Whenever Marnie Oursler starts a new design project, the challenge lies in the fact that there’s no blueprint—literally. The builder, designer and owner of Marnie Custom Homes works directly with families to construct their ideal abode, from mood boards to the final nail.
“I never get bored,” she declares, “because we’ve never built that particular house before. …Most houses we build, I’ve touched every inch—exterior design and interior design.”
Surfside in Bethany Beach is one such project.
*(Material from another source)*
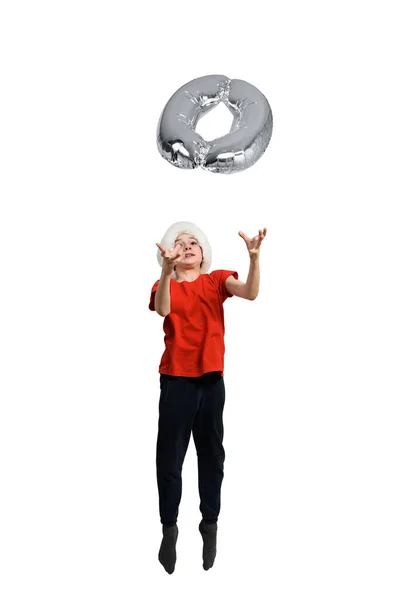 Niño en el sombrero de Santa lanza un plateado inflable 0. Fondo blanco. Concepto de Año Nuevo — Foto de Stock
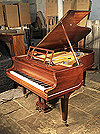Piano for sale. A  Bluthner grand piano for sale with a rosewood case, slatted music desk and square legs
The 7,600-square-foot part-time residence was designed in partnership with architect Scott Edmonson. As plans for the home took shape, the pair kept its location in mind. While inspired by modern California design, the four-story beach house nevertheless fits right in along the Delaware coast, thanks to its more old-fashioned pointed roofline. The interior’s muted blues and grays, and clean whites, match the shore just beyond the home’s back walls, which are almost entirely glass. An additional 1,400 square feet of deck space affords even more opportunities to enjoy the views. Furnishings from RH complete the home’s clean yet cozy aesthetic.
“An outdoor shower and laundry unit is ideal for keeping a day in the sand and surf out of the house.”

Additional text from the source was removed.